Nés pour partie de la mobilisation de la société civile, ces textes interdisent, notamment, tout transfert d’armes à des pays en guerre, où se produisent des violations massives des droits de l’homme et du droit international humanitaire. Au premier rang sont ciblés les pays sous embargo, selon une liste fixée par le Conseil de sécurité de l’ONU et l’Union européenne. Au regard des envolées lyriques de ses dirigeants, on pourrait croire que la France a intégré les différentes obligations internationales dans sa législation et tout particulièrement le respect des embargos. Or ce n’est pas le cas !

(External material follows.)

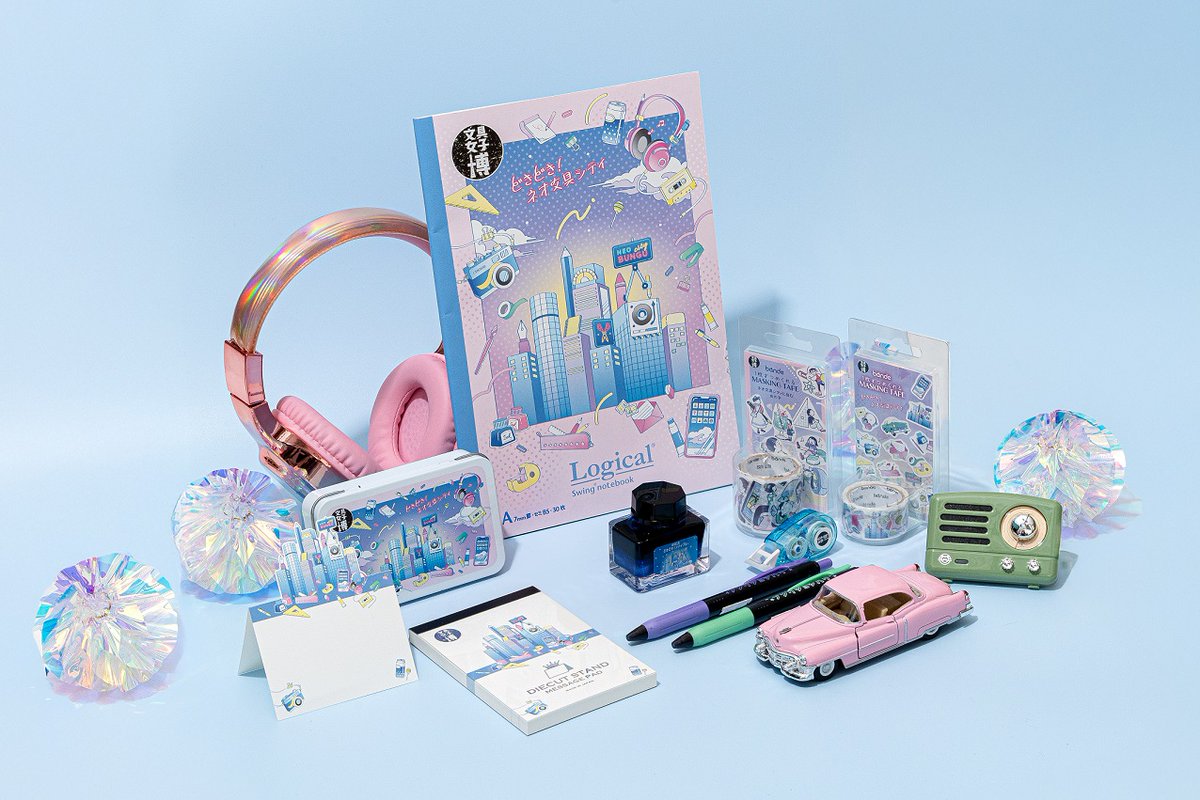 新品未開封】 紙博、文具女子博限定 オビワン マーメイド製薬缶 新商品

La France traîne des pieds…

Certes, depuis plus de dix ans, le gouvernement a régulièrement déposé devant le Parlement, au gré des alternances politiques, un projet de loi visant à sanctionner pénalement les violations des embargos. Mais ce texte, enfin voté (à l’unanimité !) en première lecture au Sénat en 2007, n’a jamais été inscrit à l’ordre du jour de l’Assemblée par le gouvernement ! L’absence de volonté politique est patente : les gouvernements successifs entendent livrer des armes au gré de leurs intérêts géostratégiques. Ce projet de loi serait donc pour eux « un boulet aux pieds », les contraignant à respecter les embargos fixés par l’ONU ou l’Union européenne, qui s’appliquent indistinctement aux entités ou personnes parties prenantes du conflit.

Redéposée une nouvelle fois en 2013 à l’Assemblée nationale, la dernière version du projet de loi couvre à la fois les transferts d’armes stricto sensu mais aussi toutes les activités (commerciale, formation, assistance technique…) les rendant possible. Mais le texte s’enlisant de nouveau, L’Observatoire des armements, Survie et d’autres ONG ont réengagé début 2015 un travail de plaidoyer à destination des autorités. Le ministère de la Défense, le Quai d’Orsay et l’Elysée ont assuré la main sur le coeur qu’il n’y avait plus de blocage politique, mais étrangement rien ne bouge au niveau de l’exécutif. Les députés socialistes Pouria Amirshahi, nommé rapporteur pour ce texte il y a plus de deux ans, Christophe Léonard et Nathalie Chabanne, Noël Mamère (app. EELV), Danielle Auroi (EELV) et Alain Bocquet (FdG) ont dernièrement interrogé le ministre des Affaires étrangères sur la date de son inscription à l’ordre du jour de l’Assemblée. Espérons que d’autres députés accentueront la pression.